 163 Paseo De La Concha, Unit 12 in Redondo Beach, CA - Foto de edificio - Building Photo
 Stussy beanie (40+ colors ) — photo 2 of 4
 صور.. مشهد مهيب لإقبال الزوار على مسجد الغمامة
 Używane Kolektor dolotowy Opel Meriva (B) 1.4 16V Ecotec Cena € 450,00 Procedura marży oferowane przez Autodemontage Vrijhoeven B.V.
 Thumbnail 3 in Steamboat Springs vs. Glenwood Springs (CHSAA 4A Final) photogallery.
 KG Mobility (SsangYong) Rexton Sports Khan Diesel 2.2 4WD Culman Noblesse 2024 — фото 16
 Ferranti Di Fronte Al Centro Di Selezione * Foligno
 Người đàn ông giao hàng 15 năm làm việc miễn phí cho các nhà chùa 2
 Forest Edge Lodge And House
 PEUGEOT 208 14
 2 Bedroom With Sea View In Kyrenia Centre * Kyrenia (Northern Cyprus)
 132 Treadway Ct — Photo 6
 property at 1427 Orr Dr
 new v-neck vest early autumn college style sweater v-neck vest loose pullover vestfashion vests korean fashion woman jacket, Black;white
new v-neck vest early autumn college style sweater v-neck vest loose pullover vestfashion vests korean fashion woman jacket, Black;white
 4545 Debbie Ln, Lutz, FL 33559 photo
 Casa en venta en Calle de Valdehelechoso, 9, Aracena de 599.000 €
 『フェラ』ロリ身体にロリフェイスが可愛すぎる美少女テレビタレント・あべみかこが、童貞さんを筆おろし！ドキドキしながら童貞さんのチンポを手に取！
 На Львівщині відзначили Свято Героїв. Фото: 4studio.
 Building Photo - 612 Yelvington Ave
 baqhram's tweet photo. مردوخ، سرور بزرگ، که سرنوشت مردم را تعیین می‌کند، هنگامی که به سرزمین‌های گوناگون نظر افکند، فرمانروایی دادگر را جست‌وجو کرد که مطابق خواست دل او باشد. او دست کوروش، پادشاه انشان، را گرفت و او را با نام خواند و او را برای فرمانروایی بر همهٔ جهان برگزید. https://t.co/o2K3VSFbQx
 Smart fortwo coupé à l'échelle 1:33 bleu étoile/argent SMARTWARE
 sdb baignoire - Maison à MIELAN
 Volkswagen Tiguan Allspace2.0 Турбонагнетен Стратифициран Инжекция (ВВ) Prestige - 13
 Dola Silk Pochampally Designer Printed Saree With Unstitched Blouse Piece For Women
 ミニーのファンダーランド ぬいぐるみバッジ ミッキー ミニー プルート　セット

▬▬▬▬▬▬

**TASK DESCRIPTION:** Only the lines from the start of the material through the line containing "Thumbnail 3 in" belong in the answer, each copied exactly.

**EXERCISE OUTPUT:**
 163 Paseo De La Concha, Unit 12 in Redondo Beach, CA - Foto de edificio - Building Photo
 Stussy beanie (40+ colors ) — photo 2 of 4
 صور.. مشهد مهيب لإقبال الزوار على مسجد الغمامة
 Używane Kolektor dolotowy Opel Meriva (B) 1.4 16V Ecotec Cena € 450,00 Procedura marży oferowane przez Autodemontage Vrijhoeven B.V.
 Thumbnail 3 in Steamboat Springs vs. Glenwood Springs (CHSAA 4A Final) photogallery.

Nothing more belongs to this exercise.